There is a lot of extraneous waffle in this (mostly Delandre’s brother’s anger over her relationship with Brent) and the ending is just tacked on. This doesn’t succeed as any sort of story, never mind a horror one.
•••
The only non-fiction in this issue is The Readers’ Viewpoint, quite a long letters column that has nearly unanimous praise for S. Fowler Wright’s The Island of Captain Sparrow and Algernon Blackwood’s The Willows in the April issue.
There are also a couple of moans about the skimpily dressed woman on the cover of that issue, and Joan Mohler of Washington is quite amusing about it:
Every cheap magazine you pick up, whether devoted to science-fiction or not, has the situation motif; […] a handsome faultlessly attired Northwest Mounted Policeman (with a well-placed trickle of blood down his left cheek) is fending off twenty-eight polar bears with a broken spruce twig in order to preserve a gorgeous female, whose expression invariably proves her not being worth saving… p.124
Another letter from Thelma Zander of Michigan details the most heinous crime:
I’ve been a Fantasy fan for a long time and have been reading F.F.M. ever since she started. It’s a great magazine, and it brings us grand stories which we probably never would get a chance to read. My uncle took All Story and Argosy since ’way back when, and he saved them all—quite a closet full, too—and then when they were too many, a few years ago, he took them all apart and put the best (and most) of the novels together and bound them in book form, and gave them to me. Bless his heart! p.125
Bless his heart? Cut off the vandal’s hands, more like.
•••
Recommended for the Herbert Best novel, and perhaps the letter column.
_____________________
- Unfortunately, I found out about the 31st January deadline for membership too late to vote in the nomination round…
- Famous Fantastic Mysteries published 81 issues between 1939 and 1953, and Mary Gnaedinger was its only editor. This information about the magazine and that above was shamelessly cribbed from SF Encylopedia.

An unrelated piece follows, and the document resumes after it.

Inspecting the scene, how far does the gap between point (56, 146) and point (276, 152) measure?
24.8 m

- I have it on good authority that the US hardback edition runs to 95,000 words so the magazine version is missing about a sixth of the content. The initial European and Caribbean sections felt rather out of balance to me: perhaps the abridgement accounts for this.
- ‘Lawrence’ was used by both Lawrence Sterne Stevens and his son. More information on SF Encylopedia.
- One short review by Donald A. Wollheim in Super Science Stories (July 1940) was subsequently pointed out to me: The theme of this book is the end of the present war in Europe. Mr. Best foresees the worst. He paints a horrifying picture of destruction. Of the “total warfare” that engulfs each European nation, destroys all governments, and proceeds to drag down the unending butchery of the leaderless armies until Europe is a vast area of desolation inhabited by human beasts who live by cannibalism—for homo sapiens is the only large animal left in Europe. And if civilization collapses, what else is left to feed its teeming millions?
Two characters are particularly well-drawn in the book, an English soldier reduced to cannibalism in Europe and an American woman living in complete isolation on a Caribbean island. How they eventually meet and how the future of humanity resolves itself is best left to Best.